Problem description. I would like the line with "BMW 2 Series" and every line after it, down to the end of the entries below, output exactly and without pictures.
· · · · · · ·
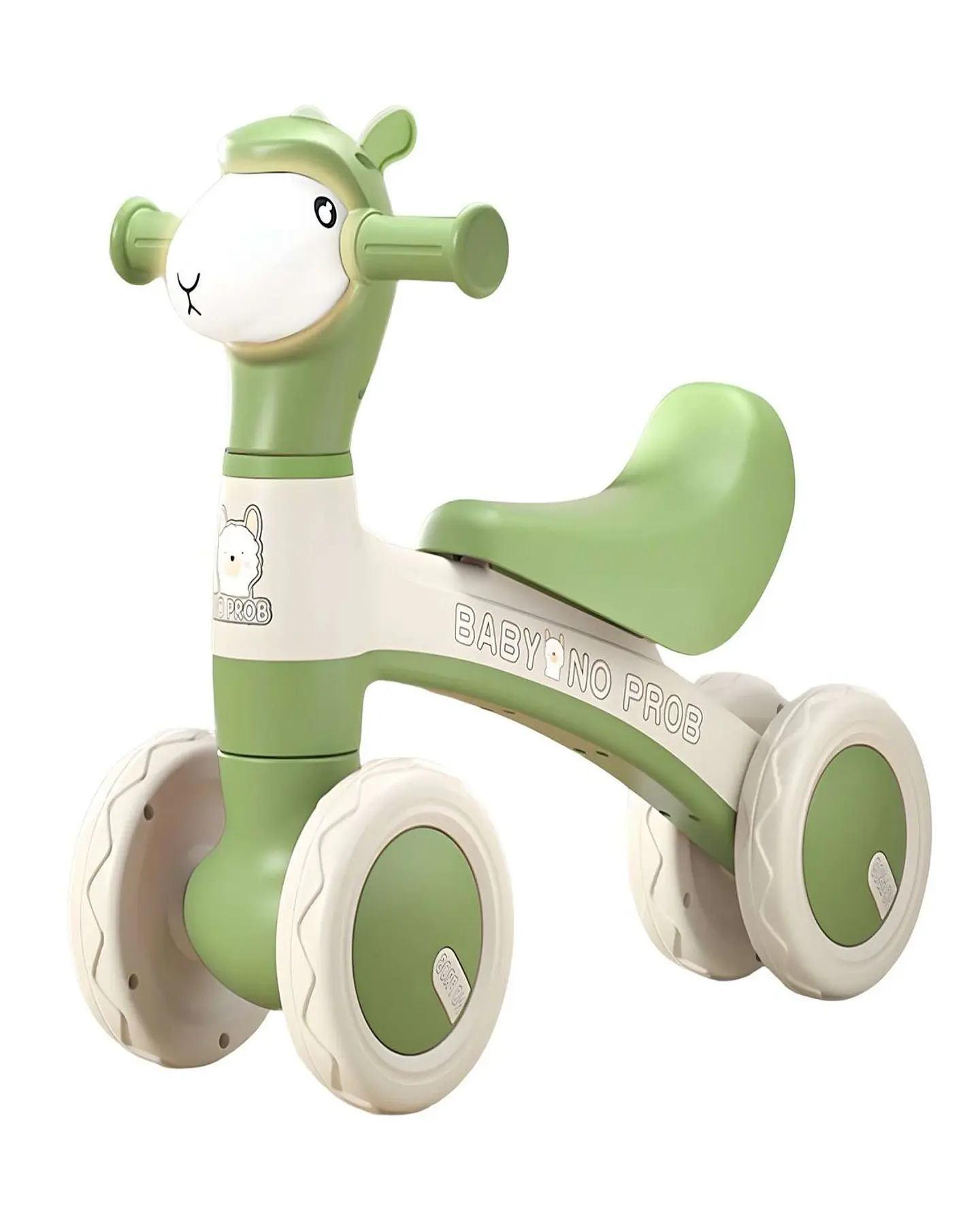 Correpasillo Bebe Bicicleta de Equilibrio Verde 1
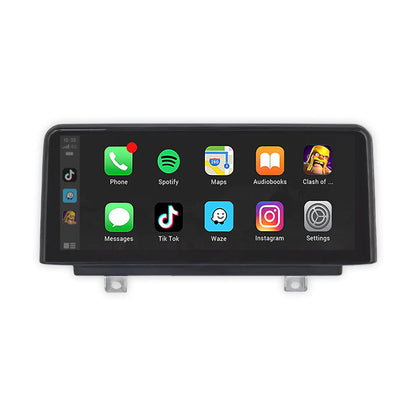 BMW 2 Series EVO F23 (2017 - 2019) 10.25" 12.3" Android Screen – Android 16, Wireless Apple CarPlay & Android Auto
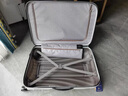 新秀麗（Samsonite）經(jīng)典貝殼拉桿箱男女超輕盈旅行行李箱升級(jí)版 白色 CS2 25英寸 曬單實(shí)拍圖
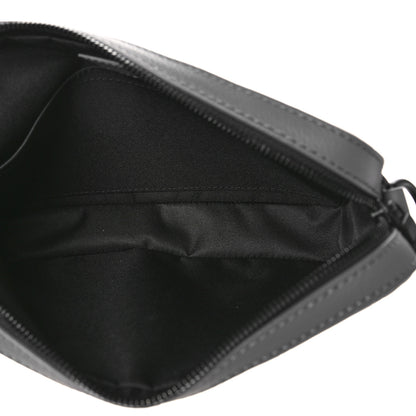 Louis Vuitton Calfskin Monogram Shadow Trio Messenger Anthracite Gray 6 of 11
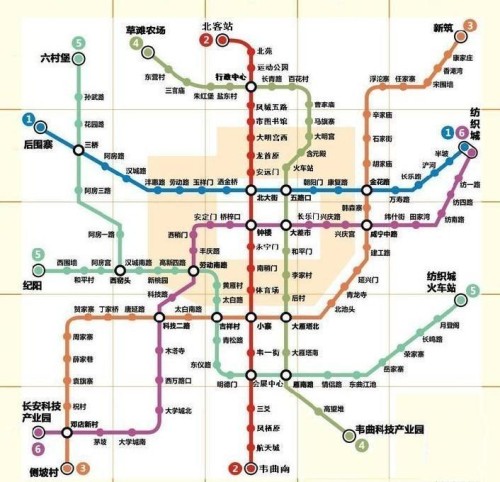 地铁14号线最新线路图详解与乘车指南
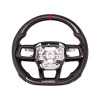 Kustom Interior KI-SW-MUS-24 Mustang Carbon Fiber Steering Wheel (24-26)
· · · · · · ·
Response to this task.
 BMW 2 Series EVO F23 (2017 - 2019) 10.25" 12.3" Android Screen – Android 16, Wireless Apple CarPlay & Android Auto
 新秀麗（Samsonite）經(jīng)典貝殼拉桿箱男女超輕盈旅行行李箱升級(jí)版 白色 CS2 25英寸 曬單實(shí)拍圖
 Louis Vuitton Calfskin Monogram Shadow Trio Messenger Anthracite Gray 6 of 11
 地铁14号线最新线路图详解与乘车指南
 Kustom Interior KI-SW-MUS-24 Mustang Carbon Fiber Steering Wheel (24-26)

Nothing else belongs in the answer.